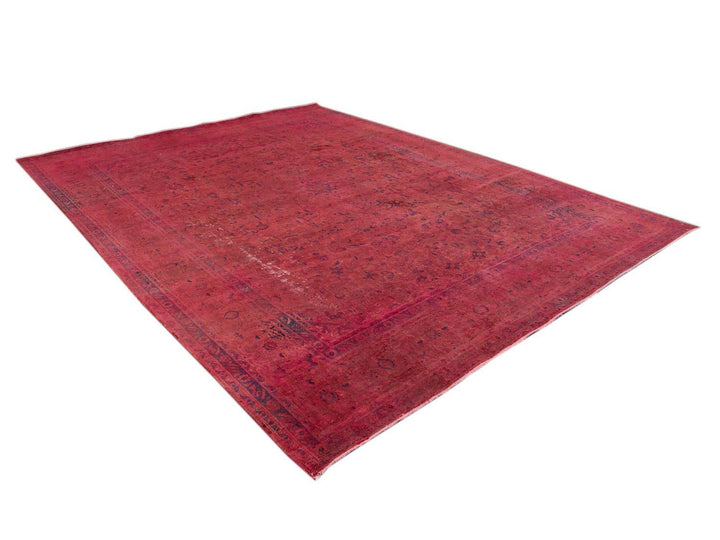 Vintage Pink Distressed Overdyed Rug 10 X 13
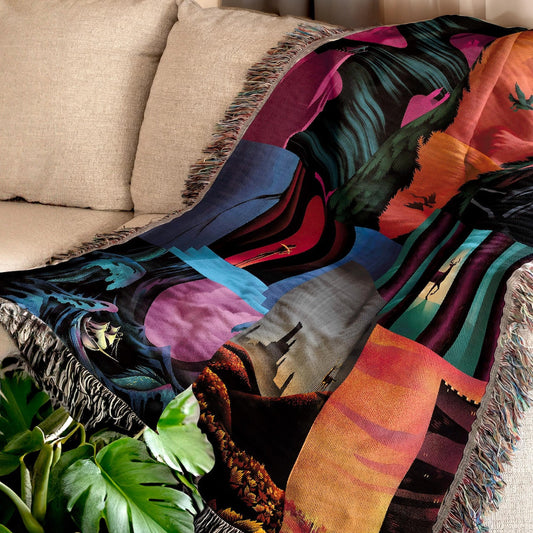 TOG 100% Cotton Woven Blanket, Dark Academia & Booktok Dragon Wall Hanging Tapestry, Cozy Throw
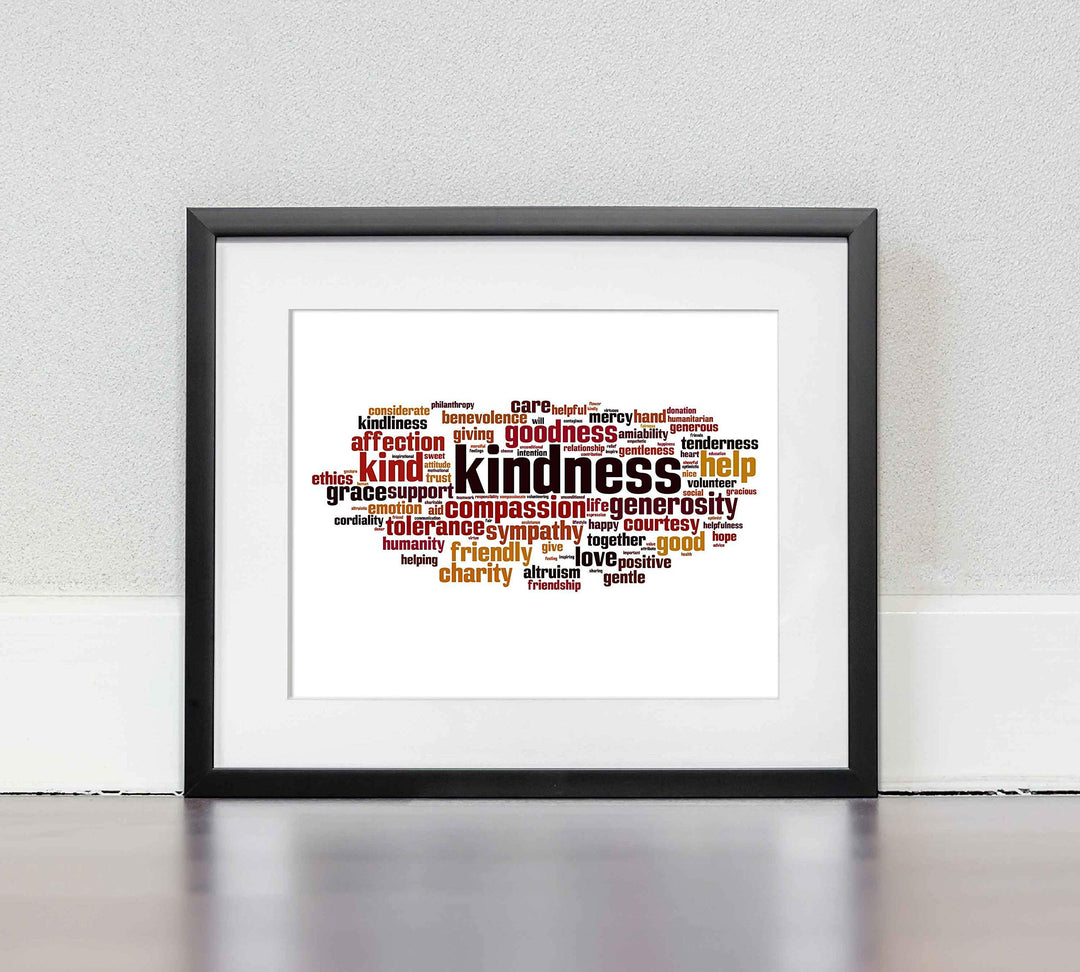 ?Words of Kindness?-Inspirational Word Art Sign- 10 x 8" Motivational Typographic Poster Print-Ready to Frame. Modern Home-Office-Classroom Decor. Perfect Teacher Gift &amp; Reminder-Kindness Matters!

# Assignment
Take the material above and set it down exactly, minus the images.

# Written solution
 Vintage Pink Distressed Overdyed Rug 10 X 13
 TOG 100% Cotton Woven Blanket, Dark Academia & Booktok Dragon Wall Hanging Tapestry, Cozy Throw
 ?Words of Kindness?-Inspirational Word Art Sign- 10 x 8" Motivational Typographic Poster Print-Ready to Frame. Modern Home-Office-Classroom Decor. Perfect Teacher Gift &amp; Reminder-Kindness Matters!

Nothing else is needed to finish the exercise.